-- Work task --
Wherever "Blue" appears in a line of the listing, report that line.

▽

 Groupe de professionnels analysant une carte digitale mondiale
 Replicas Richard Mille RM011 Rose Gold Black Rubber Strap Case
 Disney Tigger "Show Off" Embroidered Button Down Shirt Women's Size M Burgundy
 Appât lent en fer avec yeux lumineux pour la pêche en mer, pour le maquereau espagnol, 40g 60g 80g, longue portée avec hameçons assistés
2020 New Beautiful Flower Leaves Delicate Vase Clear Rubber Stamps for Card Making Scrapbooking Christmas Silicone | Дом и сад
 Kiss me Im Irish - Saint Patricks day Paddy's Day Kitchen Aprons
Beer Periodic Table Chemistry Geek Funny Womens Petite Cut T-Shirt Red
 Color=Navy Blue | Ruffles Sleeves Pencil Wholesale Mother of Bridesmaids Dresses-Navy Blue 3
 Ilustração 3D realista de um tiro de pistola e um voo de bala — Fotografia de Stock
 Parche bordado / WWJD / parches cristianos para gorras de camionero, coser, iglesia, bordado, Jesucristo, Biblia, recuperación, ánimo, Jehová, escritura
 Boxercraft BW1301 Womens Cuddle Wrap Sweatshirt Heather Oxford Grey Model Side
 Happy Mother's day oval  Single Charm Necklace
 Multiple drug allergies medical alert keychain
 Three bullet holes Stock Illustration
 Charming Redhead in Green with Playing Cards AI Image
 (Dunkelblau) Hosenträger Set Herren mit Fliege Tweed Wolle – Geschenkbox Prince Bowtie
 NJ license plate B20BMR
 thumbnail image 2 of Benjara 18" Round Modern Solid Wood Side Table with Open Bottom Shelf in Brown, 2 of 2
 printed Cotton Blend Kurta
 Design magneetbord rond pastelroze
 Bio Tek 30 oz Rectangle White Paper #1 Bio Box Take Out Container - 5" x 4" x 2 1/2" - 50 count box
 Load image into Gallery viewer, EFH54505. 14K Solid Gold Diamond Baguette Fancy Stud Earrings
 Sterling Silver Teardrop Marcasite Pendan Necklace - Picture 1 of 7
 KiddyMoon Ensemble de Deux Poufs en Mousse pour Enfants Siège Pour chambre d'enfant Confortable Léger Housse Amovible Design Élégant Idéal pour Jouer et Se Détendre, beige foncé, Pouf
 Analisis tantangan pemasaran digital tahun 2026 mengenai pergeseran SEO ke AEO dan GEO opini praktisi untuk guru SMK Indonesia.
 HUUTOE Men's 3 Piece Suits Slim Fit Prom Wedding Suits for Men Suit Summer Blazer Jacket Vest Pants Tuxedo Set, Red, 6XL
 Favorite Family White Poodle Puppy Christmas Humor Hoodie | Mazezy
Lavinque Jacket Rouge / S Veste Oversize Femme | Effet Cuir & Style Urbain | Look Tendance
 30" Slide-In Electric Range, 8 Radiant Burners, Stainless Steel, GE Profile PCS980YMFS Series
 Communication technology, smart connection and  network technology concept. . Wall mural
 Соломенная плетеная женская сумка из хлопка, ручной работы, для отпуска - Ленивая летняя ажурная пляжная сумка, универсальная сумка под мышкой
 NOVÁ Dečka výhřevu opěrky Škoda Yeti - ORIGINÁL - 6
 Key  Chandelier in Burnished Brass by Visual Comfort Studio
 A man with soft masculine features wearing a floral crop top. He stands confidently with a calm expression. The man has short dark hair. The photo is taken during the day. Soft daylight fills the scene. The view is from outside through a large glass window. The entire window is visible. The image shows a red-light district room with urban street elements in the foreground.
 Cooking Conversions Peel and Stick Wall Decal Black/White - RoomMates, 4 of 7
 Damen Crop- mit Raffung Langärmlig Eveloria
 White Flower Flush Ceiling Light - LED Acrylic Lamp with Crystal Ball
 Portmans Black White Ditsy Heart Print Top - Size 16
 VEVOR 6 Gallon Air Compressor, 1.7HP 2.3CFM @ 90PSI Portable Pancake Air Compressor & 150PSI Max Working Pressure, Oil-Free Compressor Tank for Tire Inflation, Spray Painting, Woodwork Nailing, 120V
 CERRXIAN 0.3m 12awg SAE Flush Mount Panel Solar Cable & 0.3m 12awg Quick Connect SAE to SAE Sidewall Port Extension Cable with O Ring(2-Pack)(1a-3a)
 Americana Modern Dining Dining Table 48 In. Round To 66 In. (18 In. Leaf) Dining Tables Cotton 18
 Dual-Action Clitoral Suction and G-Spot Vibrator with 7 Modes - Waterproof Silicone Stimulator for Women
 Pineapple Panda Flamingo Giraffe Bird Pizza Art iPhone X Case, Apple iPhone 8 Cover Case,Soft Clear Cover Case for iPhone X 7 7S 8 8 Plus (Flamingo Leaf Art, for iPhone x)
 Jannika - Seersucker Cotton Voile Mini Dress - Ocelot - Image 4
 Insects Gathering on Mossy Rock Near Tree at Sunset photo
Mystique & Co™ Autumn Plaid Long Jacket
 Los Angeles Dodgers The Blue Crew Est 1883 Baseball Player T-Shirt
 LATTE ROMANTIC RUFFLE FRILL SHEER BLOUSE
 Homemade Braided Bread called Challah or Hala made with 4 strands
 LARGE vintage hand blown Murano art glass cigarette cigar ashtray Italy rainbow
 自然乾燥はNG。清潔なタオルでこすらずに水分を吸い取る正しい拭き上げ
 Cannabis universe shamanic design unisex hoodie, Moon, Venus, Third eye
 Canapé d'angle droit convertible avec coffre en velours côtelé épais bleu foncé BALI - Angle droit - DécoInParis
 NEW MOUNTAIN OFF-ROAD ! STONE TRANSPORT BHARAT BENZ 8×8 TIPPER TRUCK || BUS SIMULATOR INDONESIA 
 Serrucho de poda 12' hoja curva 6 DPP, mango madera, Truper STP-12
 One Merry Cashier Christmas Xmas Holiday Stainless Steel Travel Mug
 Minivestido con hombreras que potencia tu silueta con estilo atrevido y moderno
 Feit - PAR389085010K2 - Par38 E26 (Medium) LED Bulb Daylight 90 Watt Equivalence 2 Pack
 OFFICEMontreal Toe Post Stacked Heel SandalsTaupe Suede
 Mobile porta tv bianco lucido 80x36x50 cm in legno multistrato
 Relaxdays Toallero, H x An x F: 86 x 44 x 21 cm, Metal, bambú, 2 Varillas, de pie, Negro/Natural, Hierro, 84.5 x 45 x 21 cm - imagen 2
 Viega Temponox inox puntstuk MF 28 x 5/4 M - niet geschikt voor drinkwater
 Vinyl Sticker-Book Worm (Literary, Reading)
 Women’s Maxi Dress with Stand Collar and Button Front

△

-- Task solution --
 Color=Navy Blue | Ruffles Sleeves Pencil Wholesale Mother of Bridesmaids Dresses-Navy Blue 3
 Los Angeles Dodgers The Blue Crew Est 1883 Baseball Player T-Shirt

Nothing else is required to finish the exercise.